Conclusion : le Français travaille moins en terme de durée, mais tout autant en terme de rentabilité. Quand on sait que les salariés américains bénéficient de seulement 15 jours de congés par an et que 20% d'entre eux bullent au boulot, on s'aperçoit que le «travailler plus longtemps» a ses limites. Des journées trop longues, pas assez de temps pour soi et des vacances insuffisantes contribuent à émousser quelque peu l'entrain, voire la motivation...
De plus, accuser les Français de travailler moins que les autres est une imposture car, en réalité, la durée moyenne du travail en France n'est pas inférieure à celle de nos voisins et nos amis Norvégiens, premiers du classement BIT sur la productivité horaire mais absents du "top 5" de la productivité par travailleur, bossent encore moins longtemps que nous !

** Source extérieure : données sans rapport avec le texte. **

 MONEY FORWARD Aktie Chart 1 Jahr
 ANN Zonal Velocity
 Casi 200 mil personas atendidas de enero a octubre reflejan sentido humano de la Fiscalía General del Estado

Le taux d'emploi pèse sur la productivité

Pourtant, des esprits fâcheux estiment qu'il faut que nous augmentions à la fois notre productivité horaire et notre productivité par travailleur pour battre enfin les Etats-Unis... Mais à quoi bon être les champions du monde si c'est pour le faire au détriment de cette qualité de vie que la planète entière nous envie ?

Autre détail qui tue : derrière le «travailler trop peu», il peut aussi s'avérer qu’une trop faible part de la population en âge de travailler occupe un emploi. On appelle cette proportion le taux d’emploi global et en France, il brille par sa faiblesse : 63,1% en 2005... Dans l'UE15, seules la Grèce (60,1%) et l’Italie (57,6%) étaient en dessous ! Ne nous voilons pas la face : en excluant les jeunes et les seniors, le chômage français a des incidences notables sur notre productivité. Donc, le «travailler davantage» doit avant tout se traduire par : être plus nombreux en emploi de qualité, afin d'augmenter le volume global de travail réalisé dans notre économie. C'est une question de bon sens. Pointer du doigt les 35 heures ou augmenter l'âge légal du départ à la retraite ne sont que fausses considérations.